(Web page caption snippets)
=== Section Start ===

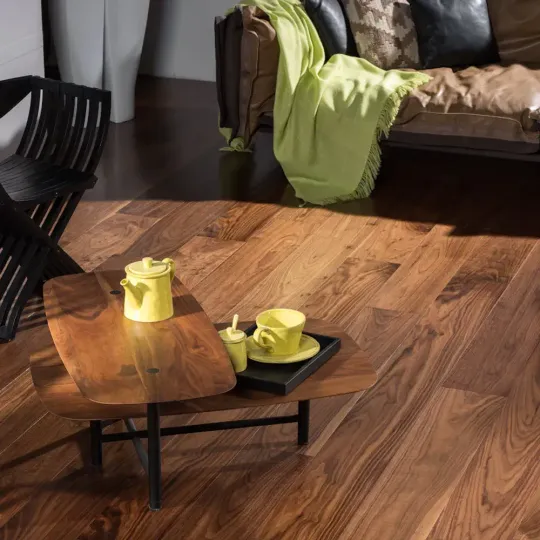 Инженерный паркет Coswick Американский Орех Натуральный (American Walnut Natural) Шелковое масло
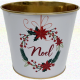 White Noel Zinc Pot 13.4*11cm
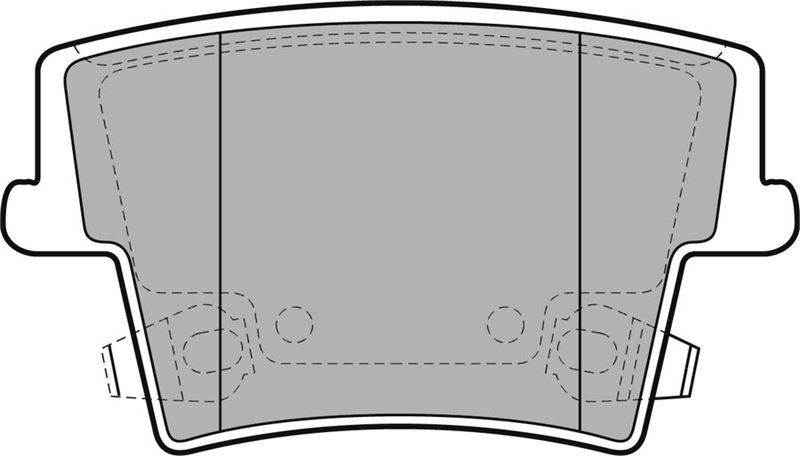 Fren Balatası Arka Chrysler 300 C 09/04
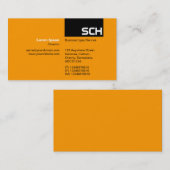 Carte De Visite TopTag - Noir avec orange (Devant / Derrière)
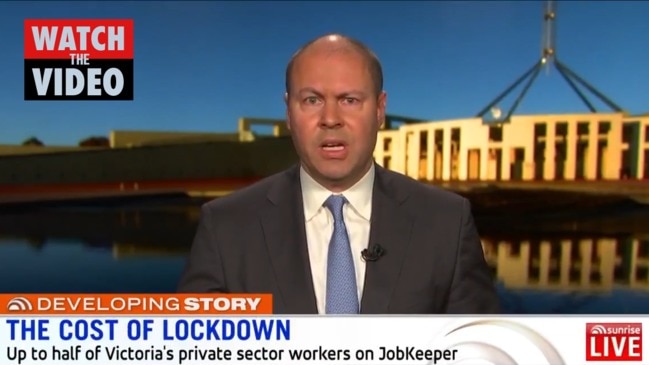 Josh Frydenberg launches attack on Daniel Andrews over lockdown plan (Sunrise)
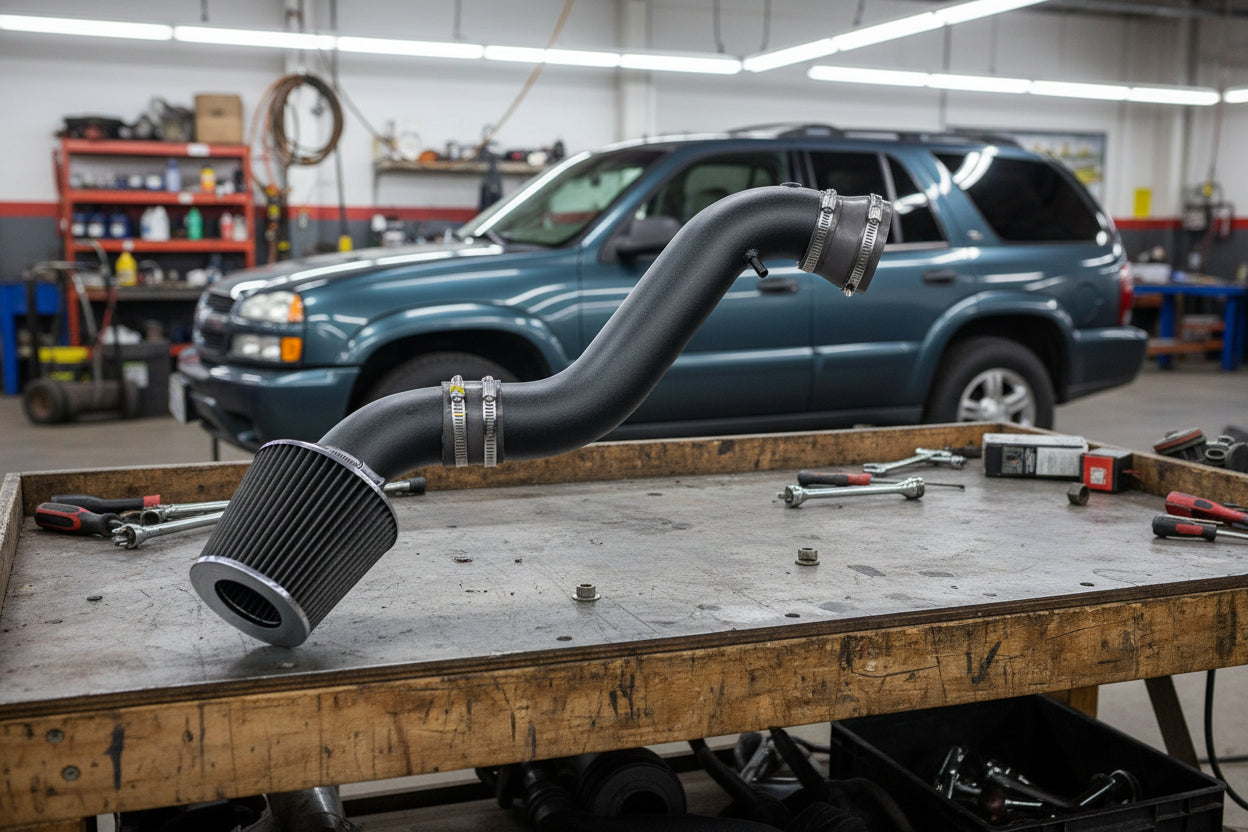 Ram Air Intake For GMC Envoy/Oldsmobile Bravada (2002-2005) with 4.2L L6 Engine Black Default Title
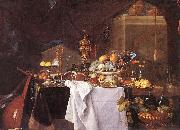 HEEM, Jan Davidsz. de A Table of Desserts g oil painting artist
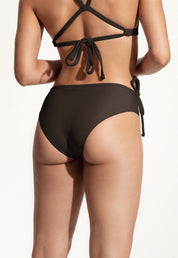 Surf Bikini Bottom "Opah" in dark brown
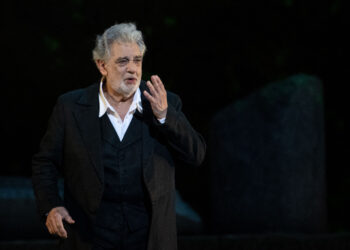 El tenor español Plácido Domingo. Foto: AFP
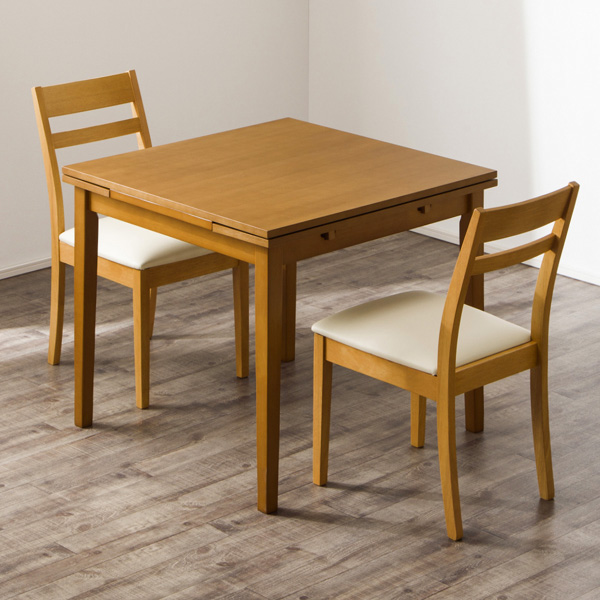 楽天市場】[幅80cm] 伸長式ダイニングテーブルセット (ジギー2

=== Section End ===

Repeat every line of the data above exactly, but drop the pictures.

● **Solved exercise**:
 Инженерный паркет Coswick Американский Орех Натуральный (American Walnut Natural) Шелковое масло
 White Noel Zinc Pot 13.4*11cm
 Fren Balatası Arka Chrysler 300 C 09/04
 Carte De Visite TopTag - Noir avec orange (Devant / Derrière)
 Josh Frydenberg launches attack on Daniel Andrews over lockdown plan (Sunrise)
 Ram Air Intake For GMC Envoy/Oldsmobile Bravada (2002-2005) with 4.2L L6 Engine Black Default Title
 HEEM, Jan Davidsz. de A Table of Desserts g oil painting artist
 Surf Bikini Bottom "Opah" in dark brown
 El tenor español Plácido Domingo. Foto: AFP
 楽天市場】[幅80cm] 伸長式ダイニングテーブルセット (ジギー2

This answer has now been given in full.